My husband George recently built a table of antique year old heart pine reclaimed from the ceiling of an abandoned cotton mill in Enoree, SC. The mill was the sole employer in that small community for more than a century. A friend of ours delivered a load of rough pine boards and beams, blackened with decades of grime and tufted with cotton lint, and asked George to transform them into a coffee table for her brother. After George pulled handmade nails and spikes, planed and joined the planks, the rich red veins of the wood were exposed as clearly as the day when the trees were cut and milled at the site of construction.
George is teaching himself woodworking and intends to become a craftsman, evidenced by the growing collection of woodworking tools and machinery in our garage.
He’s made several small pieces for his students in the Family Learning GED program. These include stands for the family fish tank, a coffee table for a family room, and several small work tables sized for a child and parent to play together. His adult students dropped out of high school to marry early, have children early, and go to work early – like many of the generations who preceded them in the mill-based economy that once sustained the South.

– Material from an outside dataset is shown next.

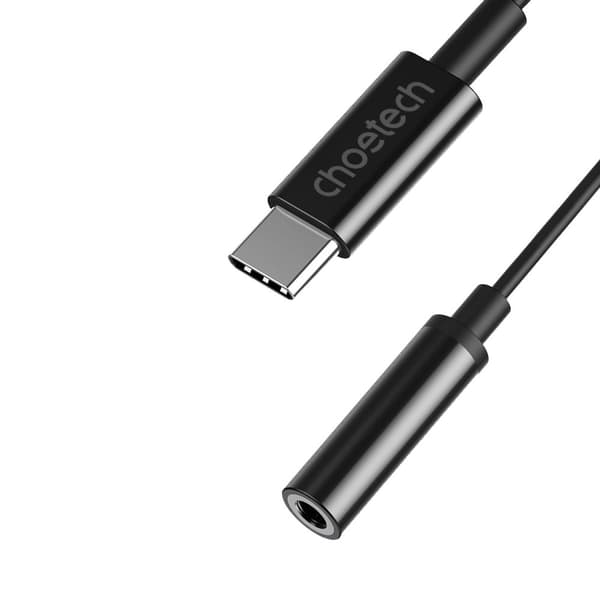 USB-C ljudadapter - Jack 3,5 mm 11 cm, svart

They now hope to earn their GEDs so they can find better jobs or continue their educations, but, more than anything else, they hope to break the cycle of school failure before their own children become the newest family members to be entrapped. They bring their infants and preschool children to an early childhood classroom next door to his. Each day the parents, children, and teaching staff meet for lunch and for parent/child activities which help prepare the children and their parents to meet the challenges of the long years of schooling that lie ahead.

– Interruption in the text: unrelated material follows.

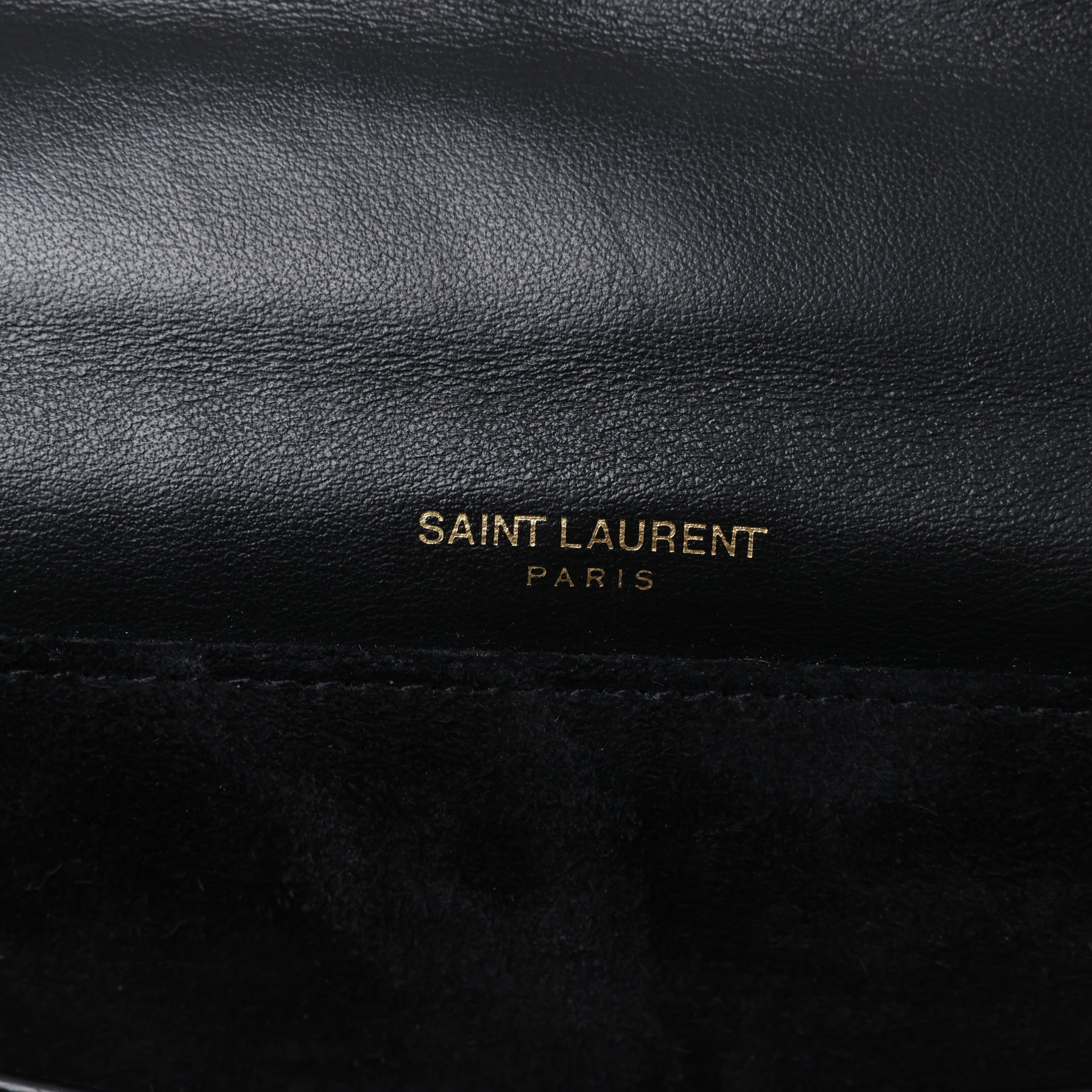 Saint Laurent Paris Bellechasse Harako x Leather Crossbody Bag in Brown 482044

George’s tools at work include math textbooks and a guitar, test prep problems and play dough, resources on opening family businesses and picture books. Like teachers everywhere today, he must measure progress by student practice test scores. But he also notes with delight the child who took his first steps or spoke his first words during the day.
Recently one of his families took their two year old son to see Santa. He asked for “Georges” for Christmas.